Each line of the data must be given back verbatim, with pictures removed.

(Free-text object descriptions)
____

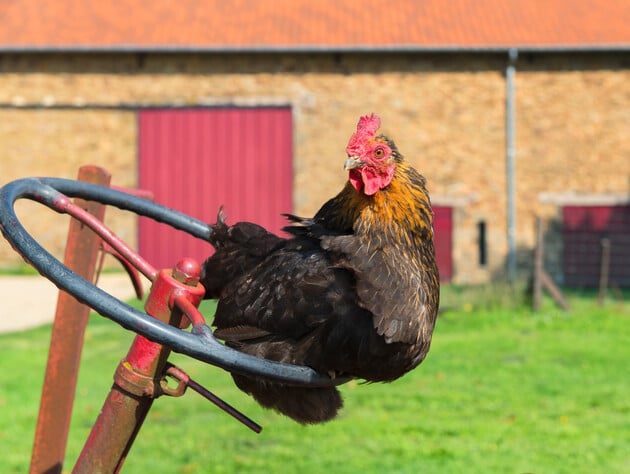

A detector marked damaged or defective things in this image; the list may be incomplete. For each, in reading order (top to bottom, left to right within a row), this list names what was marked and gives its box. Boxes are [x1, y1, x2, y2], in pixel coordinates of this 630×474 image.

rusty metal bar [29, 166, 111, 474]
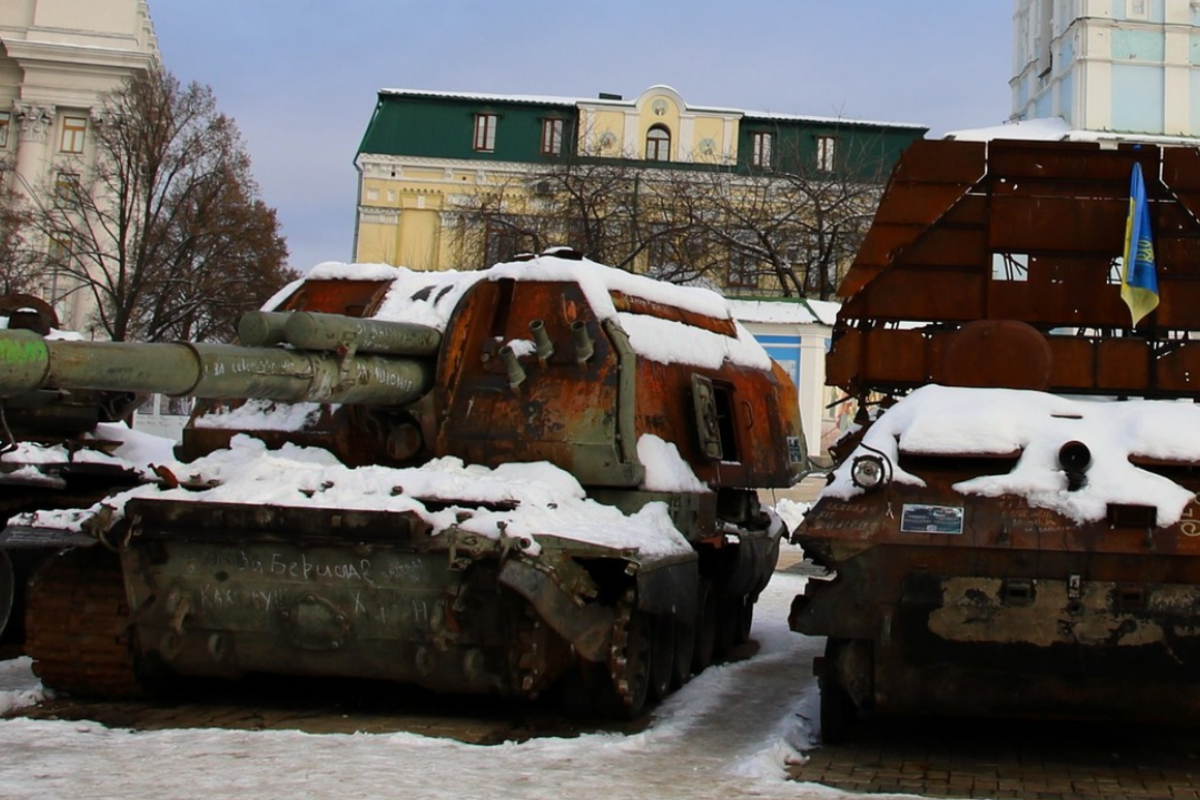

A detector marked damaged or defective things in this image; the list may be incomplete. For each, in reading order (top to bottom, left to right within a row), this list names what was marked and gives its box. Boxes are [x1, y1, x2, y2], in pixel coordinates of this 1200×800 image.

rusted self-propelled gun [0, 293, 159, 652]
rusted self-propelled gun [2, 253, 806, 714]
rusted self-propelled gun [787, 139, 1200, 743]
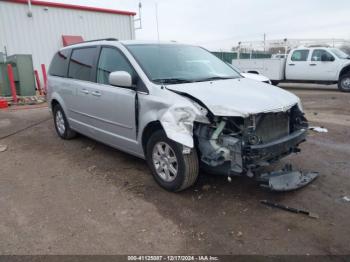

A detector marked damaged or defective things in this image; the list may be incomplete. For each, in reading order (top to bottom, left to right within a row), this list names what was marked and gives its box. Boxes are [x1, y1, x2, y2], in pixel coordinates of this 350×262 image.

damaged silver minivan [46, 39, 318, 191]
crushed front end [194, 104, 318, 190]
detached bumper [246, 128, 306, 164]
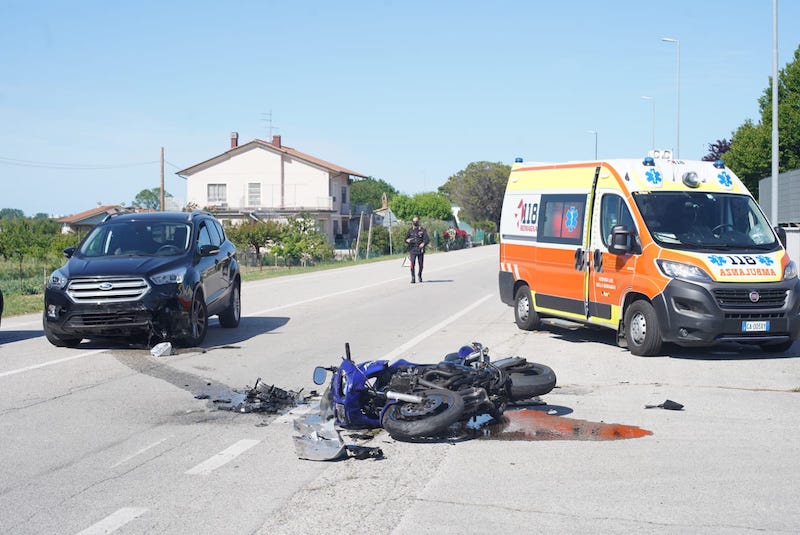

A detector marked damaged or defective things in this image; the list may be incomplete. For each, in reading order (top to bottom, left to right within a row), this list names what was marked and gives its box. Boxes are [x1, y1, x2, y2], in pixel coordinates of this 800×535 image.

crashed motorcycle [312, 342, 556, 442]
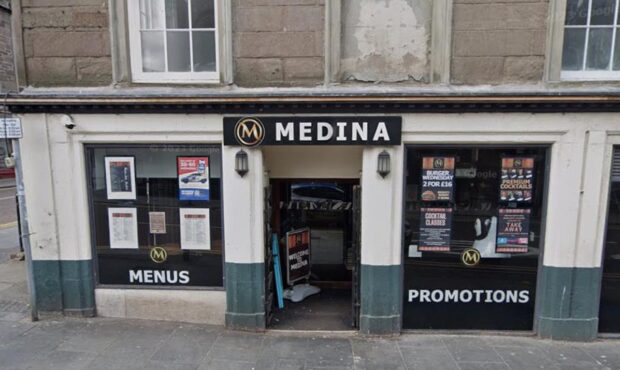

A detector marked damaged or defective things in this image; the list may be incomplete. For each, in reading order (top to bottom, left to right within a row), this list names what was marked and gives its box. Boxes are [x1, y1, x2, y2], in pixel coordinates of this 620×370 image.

peeling paint [340, 0, 432, 83]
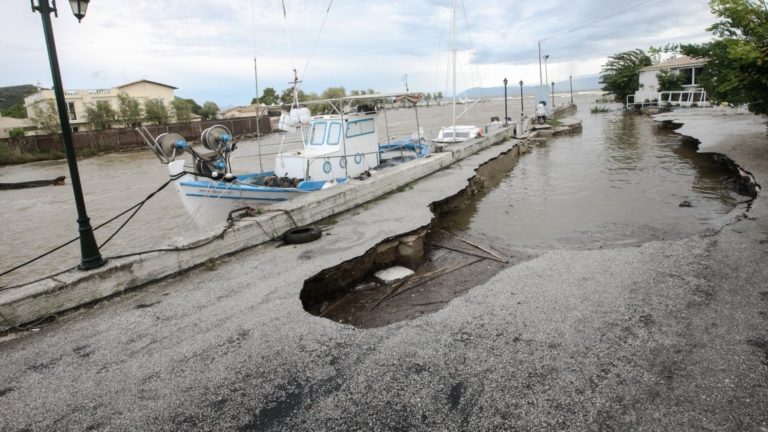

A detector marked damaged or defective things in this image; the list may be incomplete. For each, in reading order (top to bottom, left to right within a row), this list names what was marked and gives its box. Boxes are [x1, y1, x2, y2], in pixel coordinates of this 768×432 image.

cracked asphalt [1, 109, 768, 430]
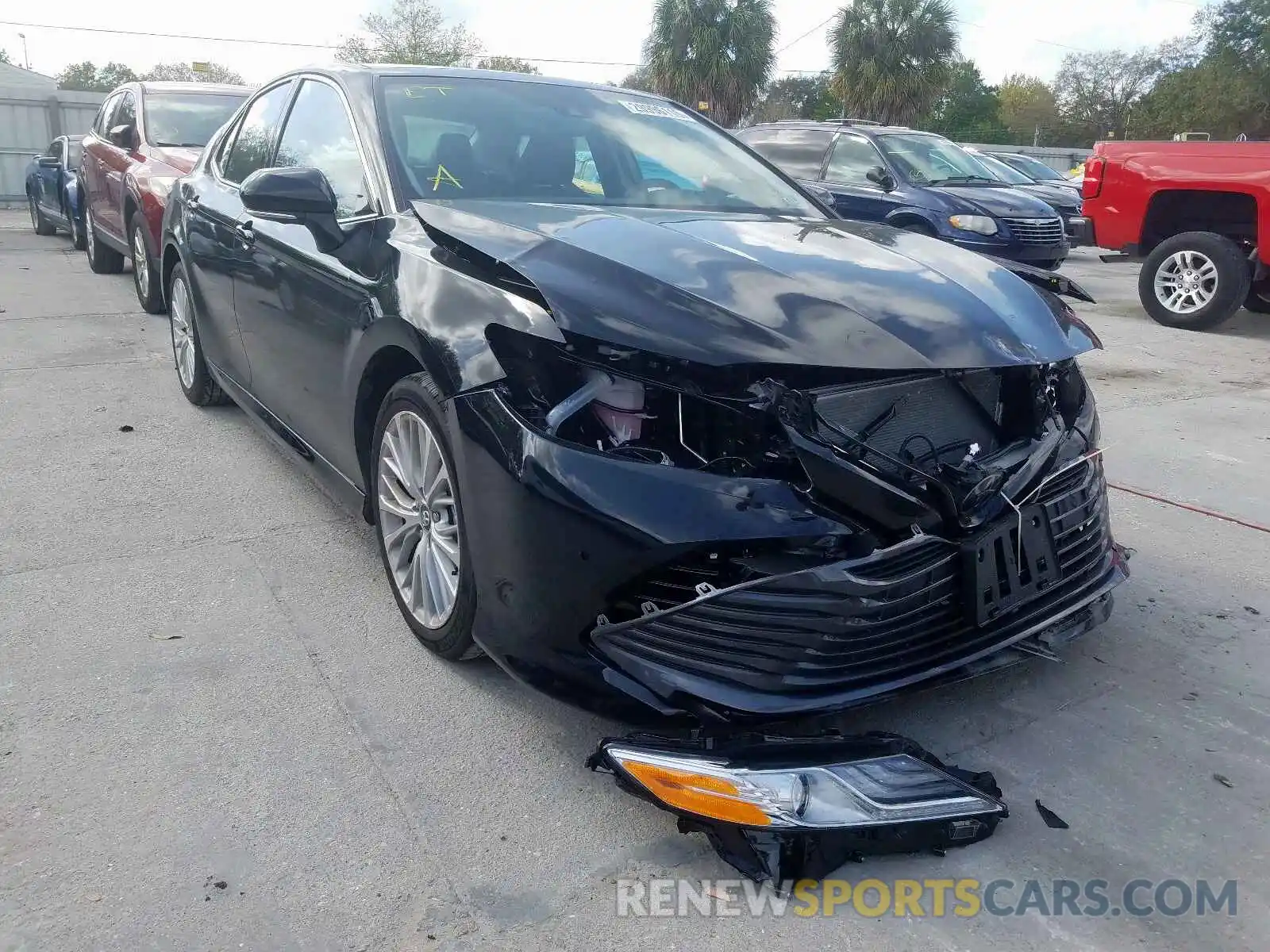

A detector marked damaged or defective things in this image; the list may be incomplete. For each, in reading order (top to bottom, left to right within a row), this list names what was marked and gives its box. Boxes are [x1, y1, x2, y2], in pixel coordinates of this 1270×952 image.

crumpled hood [149, 147, 201, 175]
crumpled hood [410, 201, 1099, 371]
detached headlight [946, 214, 997, 235]
damaged black sedan [161, 65, 1130, 720]
broken front bumper [451, 387, 1124, 720]
detached headlight [600, 749, 1010, 831]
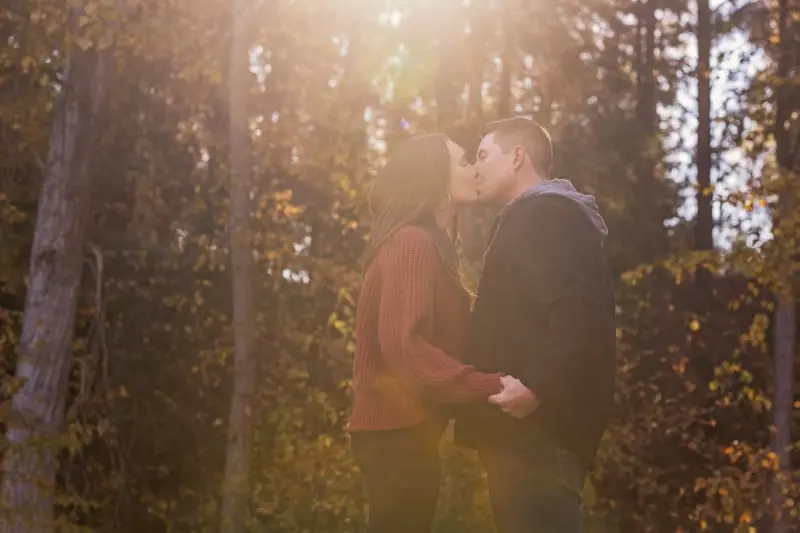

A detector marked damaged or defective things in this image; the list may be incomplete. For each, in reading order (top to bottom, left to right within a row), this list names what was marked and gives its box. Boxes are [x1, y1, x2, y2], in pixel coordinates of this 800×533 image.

rust knit sweater [348, 225, 504, 432]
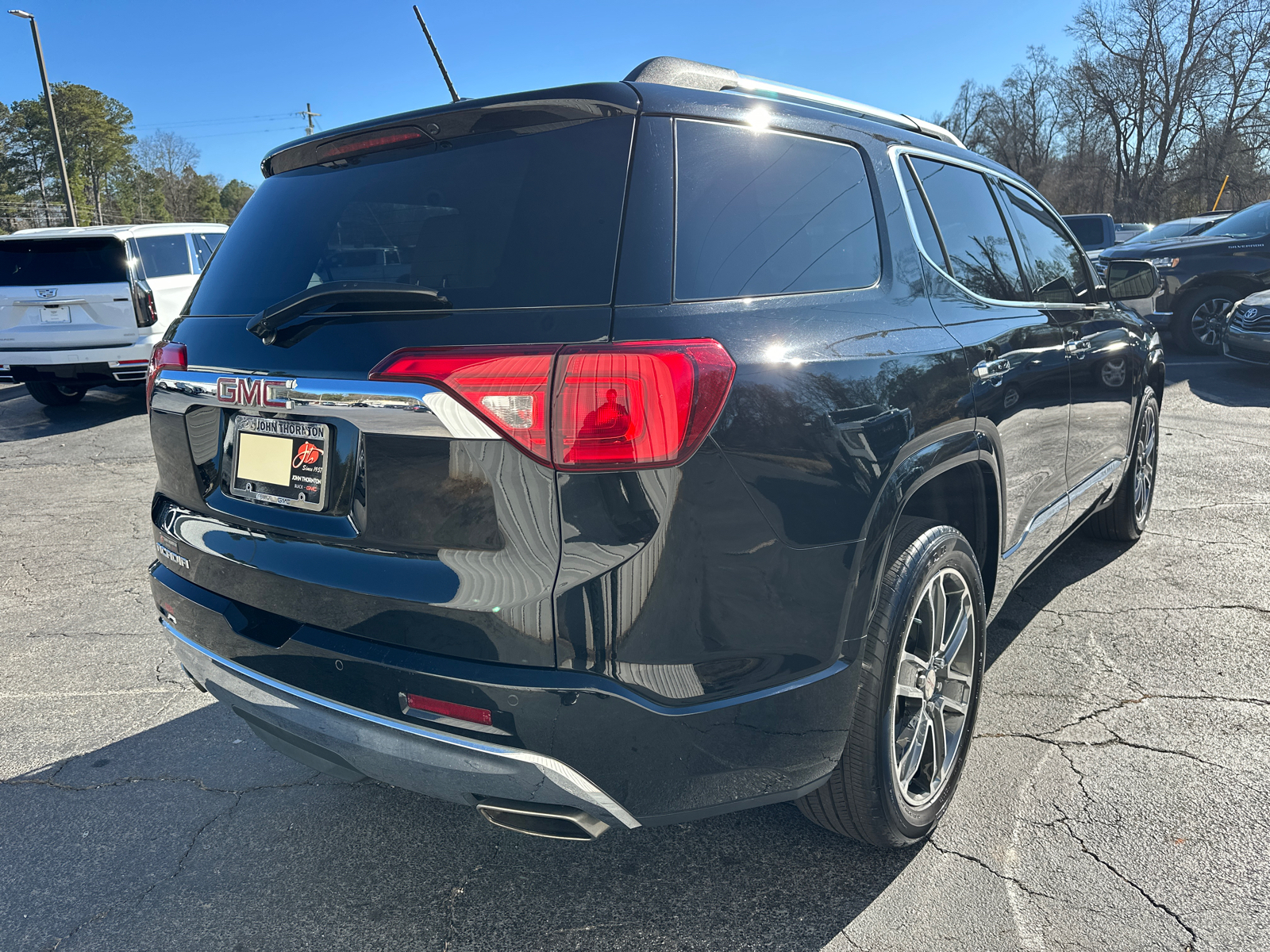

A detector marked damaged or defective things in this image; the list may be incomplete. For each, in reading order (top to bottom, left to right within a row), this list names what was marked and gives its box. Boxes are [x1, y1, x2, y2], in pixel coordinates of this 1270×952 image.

cracked pavement [0, 358, 1264, 952]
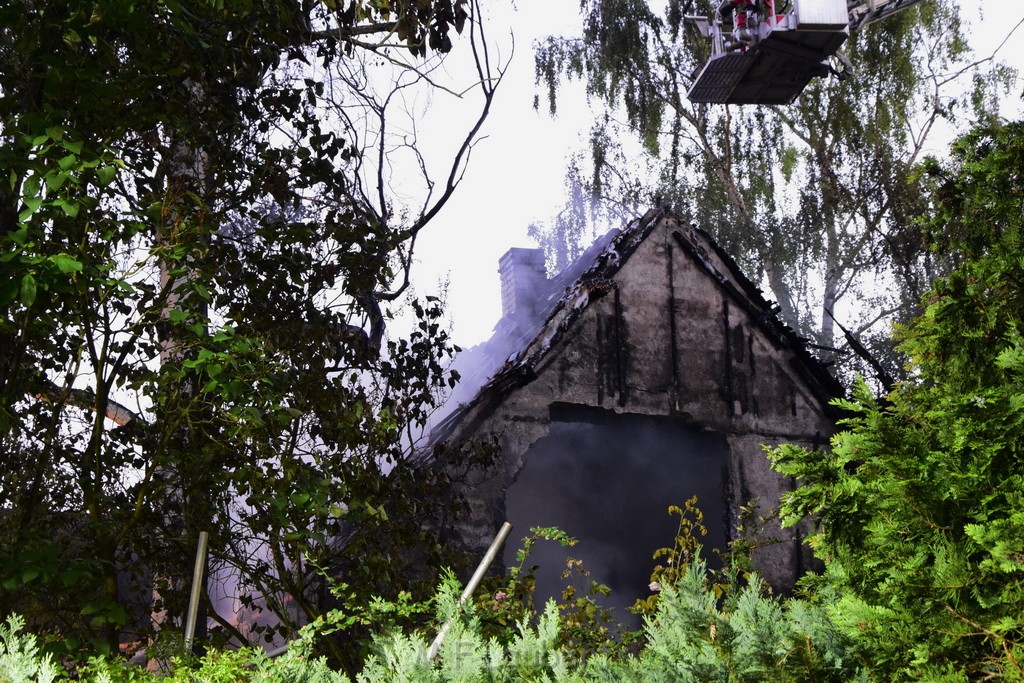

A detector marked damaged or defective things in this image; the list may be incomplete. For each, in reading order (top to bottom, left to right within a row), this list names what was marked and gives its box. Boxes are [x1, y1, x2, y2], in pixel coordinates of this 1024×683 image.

burned house [432, 208, 839, 610]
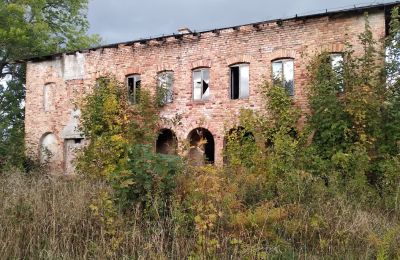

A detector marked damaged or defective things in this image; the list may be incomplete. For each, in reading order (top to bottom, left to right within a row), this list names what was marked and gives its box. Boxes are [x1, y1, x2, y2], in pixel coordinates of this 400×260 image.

damaged roof [21, 1, 400, 63]
broken window frame [127, 74, 143, 103]
broken window frame [157, 71, 174, 104]
broken window frame [192, 67, 211, 101]
broken window frame [230, 63, 248, 99]
broken window frame [272, 58, 294, 96]
broken window frame [330, 52, 346, 93]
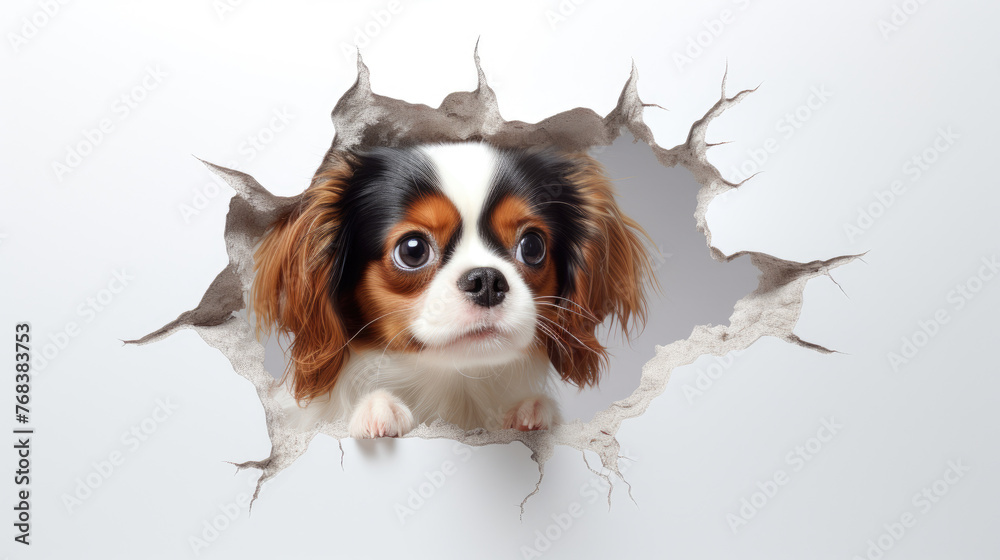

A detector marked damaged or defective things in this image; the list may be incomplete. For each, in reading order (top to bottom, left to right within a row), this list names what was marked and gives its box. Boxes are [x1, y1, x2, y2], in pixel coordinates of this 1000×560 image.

ragged paper edge [125, 46, 860, 516]
torn hole in wall [125, 49, 860, 516]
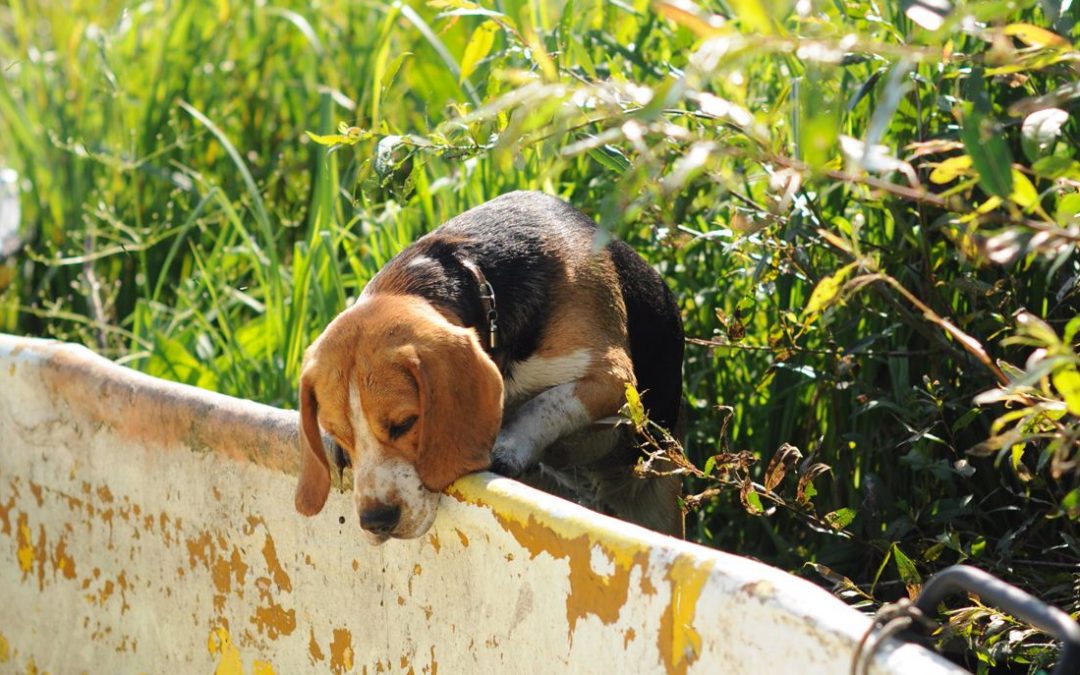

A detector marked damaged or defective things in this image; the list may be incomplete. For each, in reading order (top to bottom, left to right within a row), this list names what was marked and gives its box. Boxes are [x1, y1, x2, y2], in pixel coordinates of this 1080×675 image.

yellow peeling paint [207, 622, 244, 673]
chipped white paint [0, 334, 972, 669]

____

■ RESULT OF THE TASK ■
A detector marked damaged or defective things in this image; the list may be incomplete. For each, in reading order (top to bottom, left to right within a row), this list names what was marked and gives its box. Boxes are [x1, y1, x2, y2], in pixel coordinates of this 630×474 image.

rusty metal bar [29, 166, 111, 474]

A detector marked damaged or defective things in this image; the list may be incomplete. For each, in reading order (top to bottom, left to right within a row), this list names what was marked and gives its box. Boxes are [x1, y1, x2, y2], in pixel coordinates of this 1200×800 image.

rusted self-propelled gun [0, 293, 159, 652]
rusted self-propelled gun [2, 253, 806, 714]
rusted self-propelled gun [787, 139, 1200, 743]

A detector marked damaged or defective things in this image; the list may be incomplete. For each, in reading order (top to bottom, left to right within a row), this list names what was marked and gives its box. Boxes are [x1, y1, x2, y2], in pixel coordinates of this 350×262 image.

damaged silver minivan [46, 39, 318, 191]
crushed front end [194, 104, 318, 190]
detached bumper [246, 128, 306, 164]

A detector marked damaged or defective things in this image; the list may be incomplete. For each, in reading order (top to bottom, left to right within a row), this list names what was marked and gives its box. Boxes are [x1, y1, x2, y2], in pixel coordinates of this 800×535 image.

crashed motorcycle [312, 342, 556, 442]

A detector marked damaged or defective things in this image; the list may be incomplete. For each, in reading order (top to bottom, left to right within a row), this list names what was marked and gives its box. Boxes are [x1, y1, x2, y2], in pixel coordinates of this 620×370 image.

peeling paint [340, 0, 432, 83]

A detector marked damaged or defective things in this image; the list may be incomplete. For each, in reading order (top to bottom, left to right within a row), this list names what was marked and gives its box. Boxes are [x1, y1, x2, y2], in pixel coordinates of this 768×432 image.

cracked asphalt [1, 109, 768, 430]

A detector marked damaged or defective things in this image; the list may be incomplete. For each, in reading order (top to bottom, left to right within a row), this list names what was marked and gives its box. Boxes are [x1, y1, x2, y2], in pixel coordinates of this 1270×952 image.

crumpled hood [149, 147, 201, 175]
crumpled hood [410, 201, 1099, 371]
detached headlight [946, 214, 997, 235]
damaged black sedan [161, 65, 1130, 720]
broken front bumper [451, 387, 1124, 720]
detached headlight [600, 749, 1010, 831]

A detector marked damaged or defective things in this image; the list may be incomplete. For each, in reading order (top to bottom, left to right within a row), this list names what was marked and gives its box. Boxes are [x1, y1, x2, y2], in pixel coordinates of this 800×533 image.

rust knit sweater [348, 225, 504, 432]

A detector marked damaged or defective things in this image; the list may be incomplete. For each, in reading order (top to bottom, left to right within a row), this list names what was marked and gives its box. Boxes are [x1, y1, x2, y2], in pixel coordinates of this 1270×952 image.

cracked pavement [0, 358, 1264, 952]

A detector marked damaged or defective things in this image; the list may be incomplete. For each, in reading order (top to bottom, left to right within a row), this list names what was marked and gives its box. Boxes are [x1, y1, x2, y2], in pixel coordinates of this 1024×683 image.

burned house [432, 208, 839, 610]

A detector marked damaged or defective things in this image; the list may be incomplete. For each, in reading order (top to bottom, left to right within a row), this list names what was marked and gives its box. Boxes are [x1, y1, x2, y2], in pixel coordinates of this 400×260 image.

damaged roof [21, 1, 400, 63]
broken window frame [127, 74, 143, 103]
broken window frame [157, 71, 174, 104]
broken window frame [192, 67, 211, 101]
broken window frame [230, 63, 248, 99]
broken window frame [272, 58, 294, 96]
broken window frame [330, 52, 346, 93]

A detector marked damaged or defective things in this image; the list may be incomplete. For each, in reading order (top to bottom, left to right within a row), this list names what was marked and gives its box. Boxes are [x1, y1, x2, y2], in pixel coordinates of this 1000×560 image.

ragged paper edge [125, 46, 860, 516]
torn hole in wall [125, 49, 860, 516]

A detector marked damaged or defective things in this image; the list may be incomplete. For each, in reading order (top to bottom, left to right within a row), this list names what was marked and gives its box. Boxes are [x1, y1, x2, y2], in pixel coordinates of this 1080×675 image.

yellow peeling paint [207, 622, 244, 673]
chipped white paint [0, 334, 972, 669]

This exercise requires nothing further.